Input data
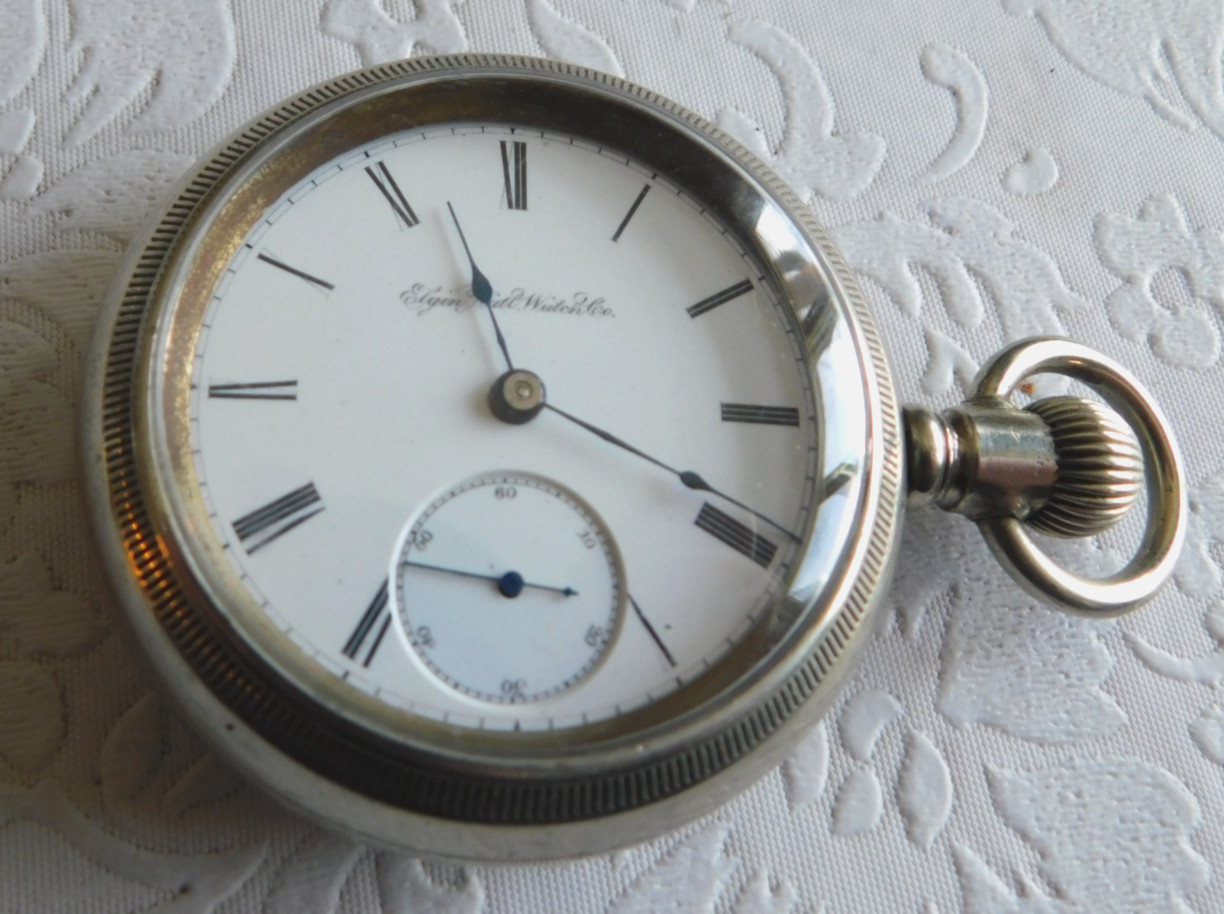 1887 VINTAGE ELGIN 18S 11 JEWEL GRADE 10 H. MUHRS SONS SILVERODE CASE - WORKS!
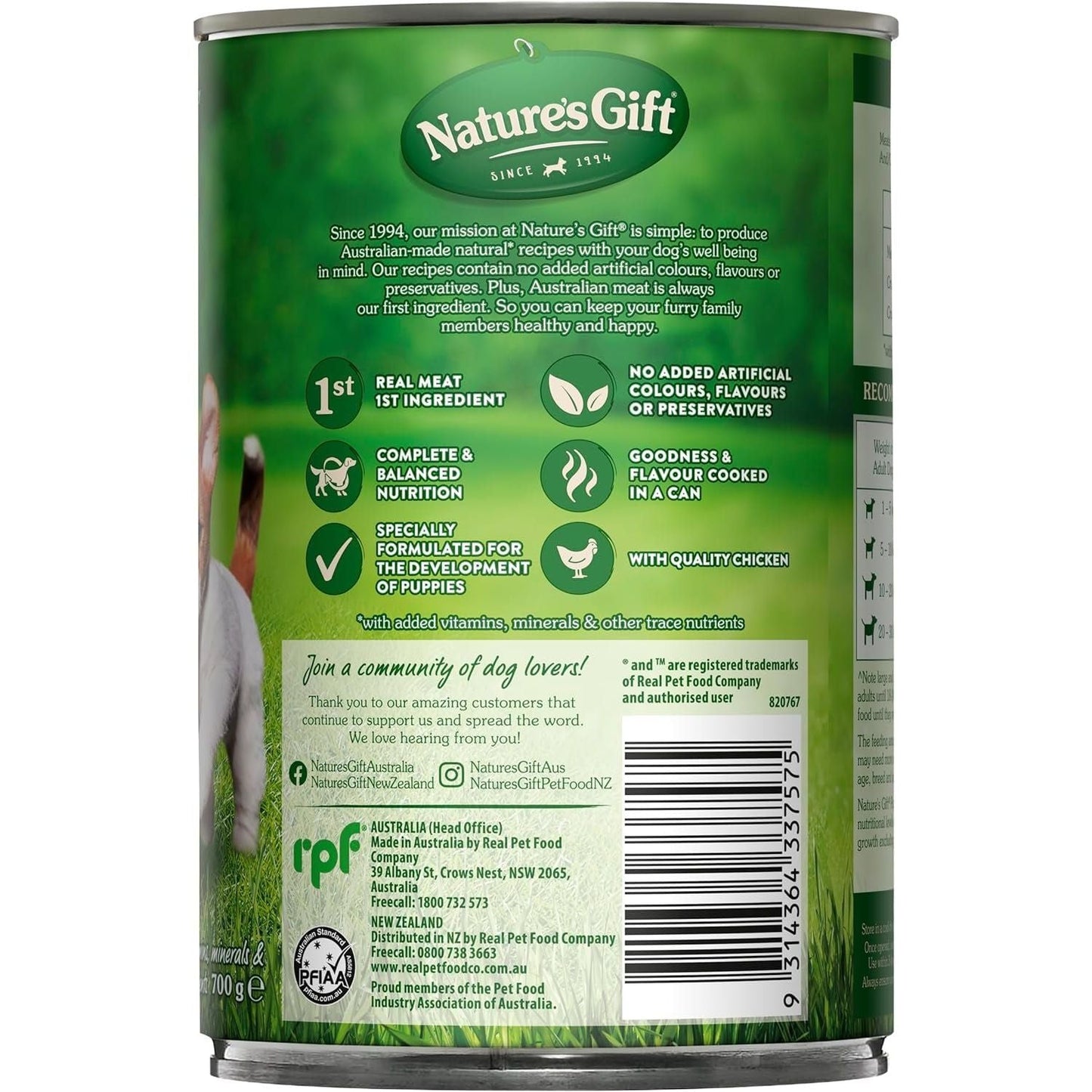 Puppy Mince with Chicken Dog Wet Food Can 700G (Pack of 12)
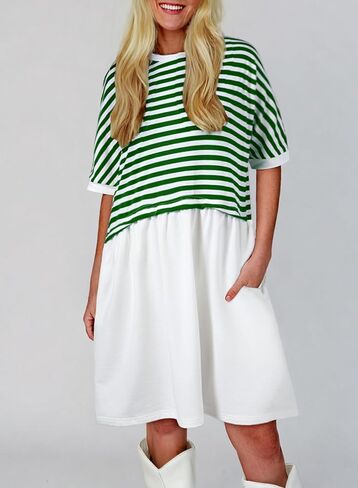 Acelitt Women Casual Summer Short Sleeve Crewneck Striped Dresses Loose Tshirt Dress,S-2XL in Kuwait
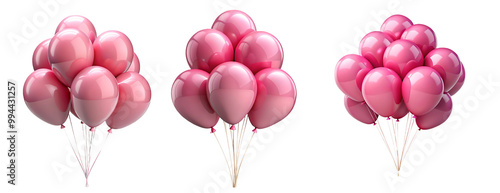 set of pink balloons isolated on transparent background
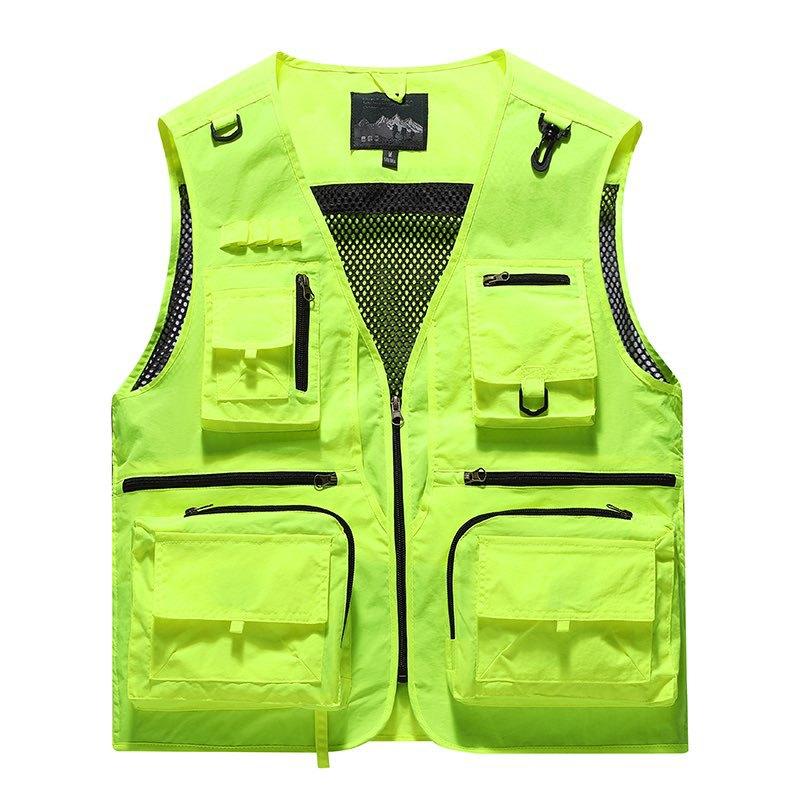 Mode Herren Outdoor Netz Angeln Fotografie Atmungsaktive Westen Jacke Herren Multi-Taschen Westen Klettern Ärmellose Jacken M hellblaue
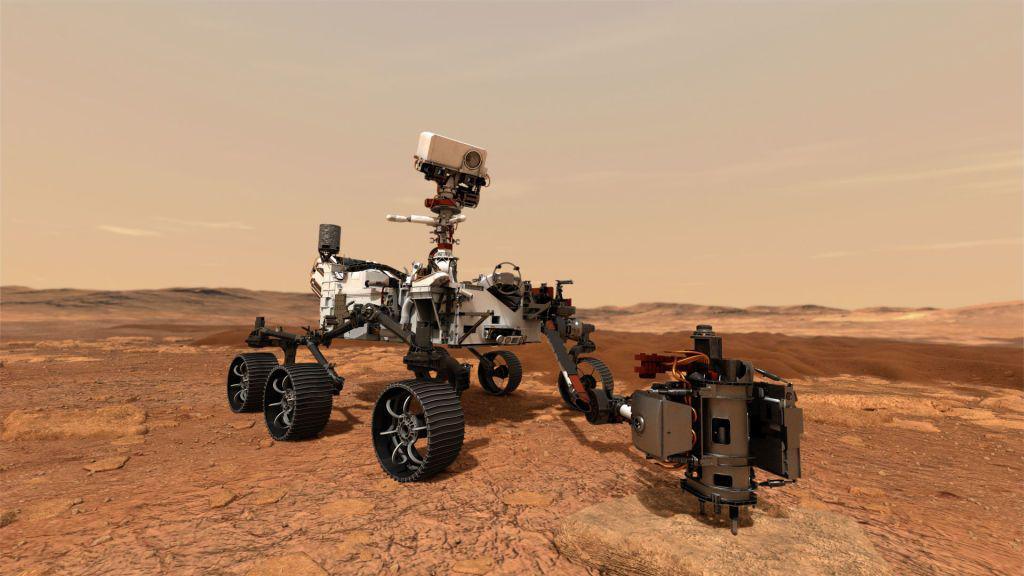 An illustration of Nasa's Perseverance Rover on Mars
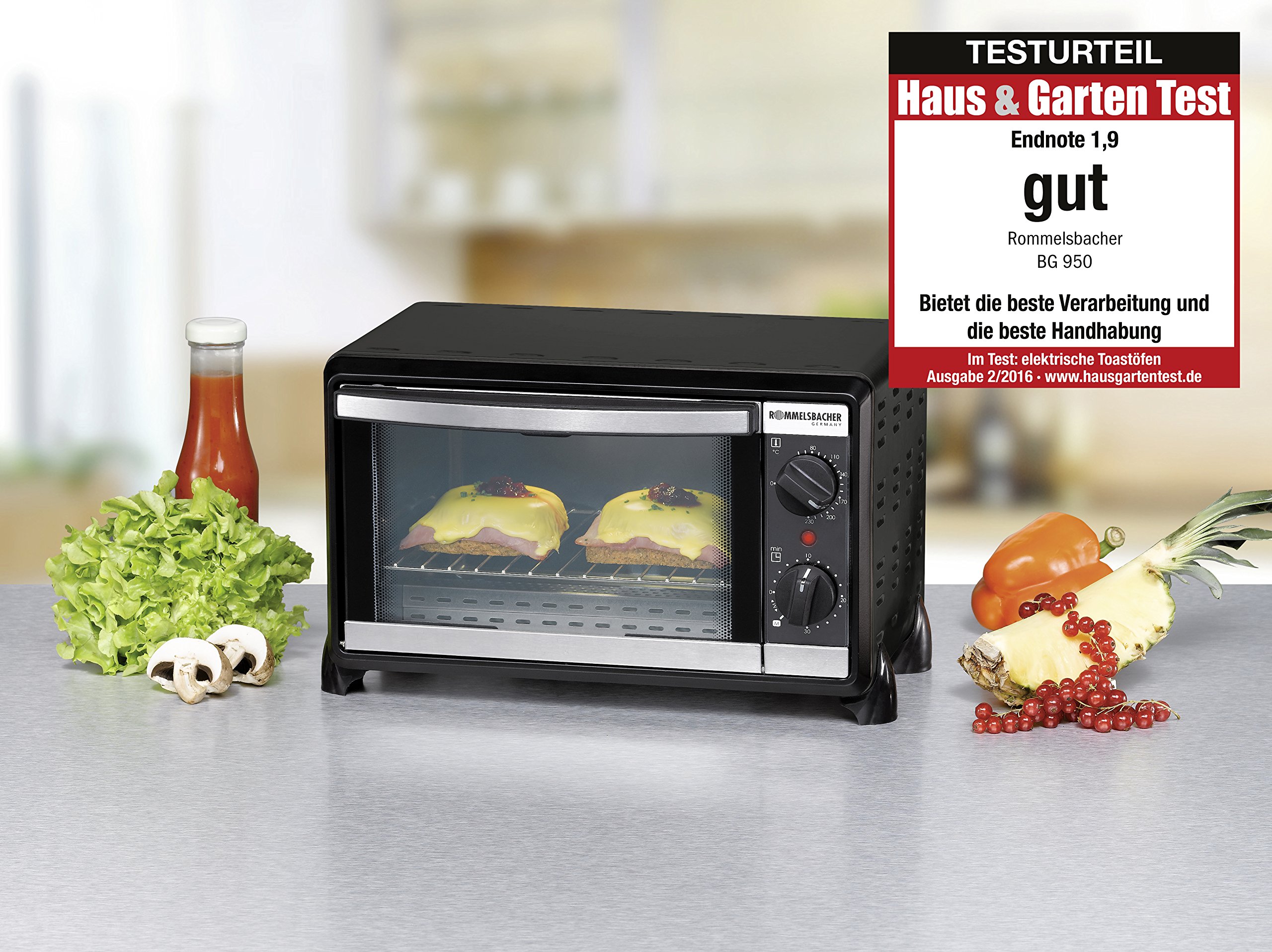 ROMMELSBACHER Horno pequeño BG 950 "Speedy" – 10 litros de espacio para hornear, 2 elementos calefactores de cuarzo, temperatura de 80 – 230 °, calor superior/inferior, temporizador, cámara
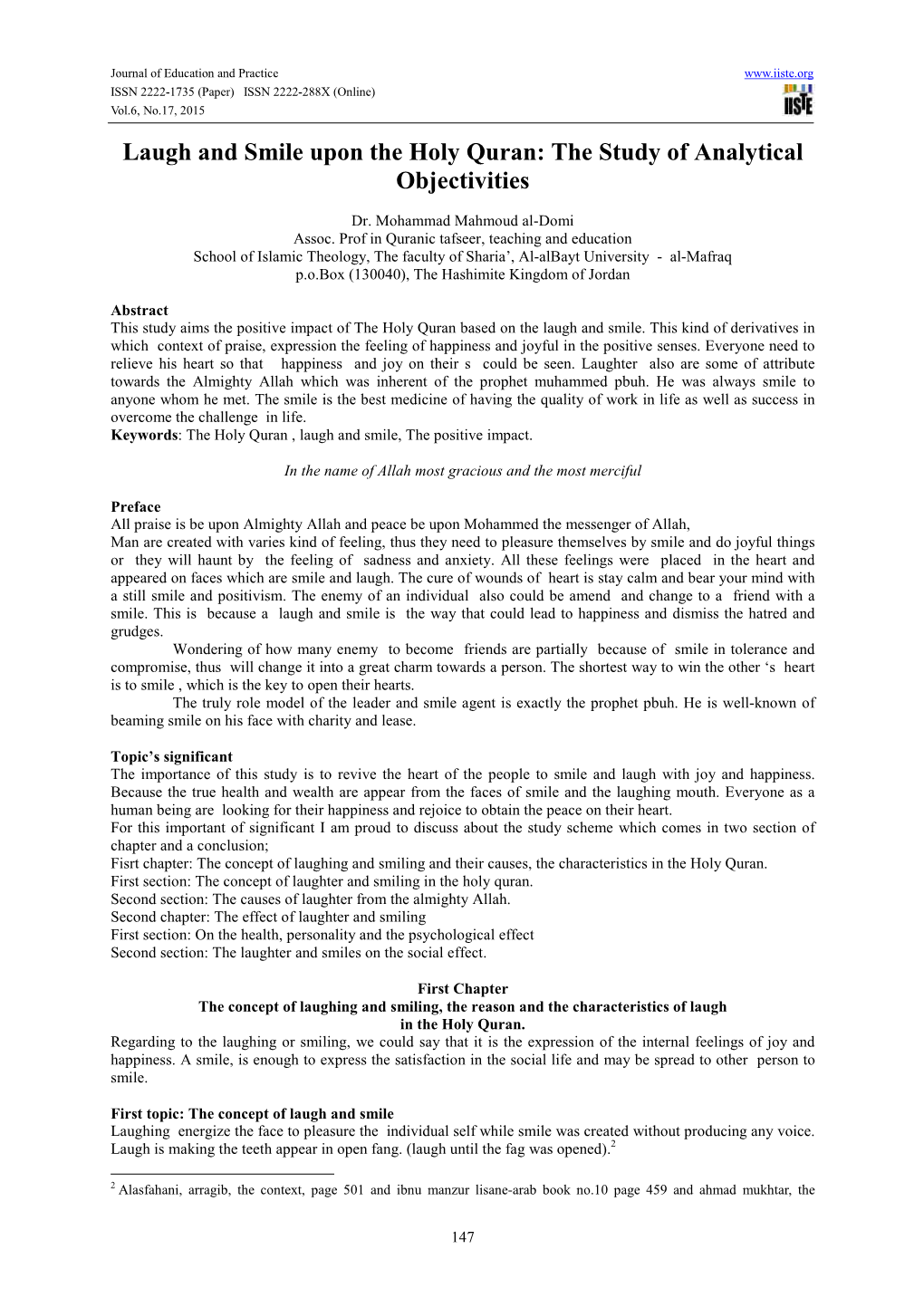 Laugh and Smile Upon the Holy Quran: the Study of Analytical Objectivities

Work instruction
Write the records out again exactly; none of the pictures belong in the copy.

Answer box
 1887 VINTAGE ELGIN 18S 11 JEWEL GRADE 10 H. MUHRS SONS SILVERODE CASE - WORKS!
 Puppy Mince with Chicken Dog Wet Food Can 700G (Pack of 12)
 Acelitt Women Casual Summer Short Sleeve Crewneck Striped Dresses Loose Tshirt Dress,S-2XL in Kuwait
 set of pink balloons isolated on transparent background
 Mode Herren Outdoor Netz Angeln Fotografie Atmungsaktive Westen Jacke Herren Multi-Taschen Westen Klettern Ärmellose Jacken M hellblaue
 An illustration of Nasa's Perseverance Rover on Mars
 ROMMELSBACHER Horno pequeño BG 950 "Speedy" – 10 litros de espacio para hornear, 2 elementos calefactores de cuarzo, temperatura de 80 – 230 °, calor superior/inferior, temporizador, cámara
 Laugh and Smile Upon the Holy Quran: the Study of Analytical Objectivities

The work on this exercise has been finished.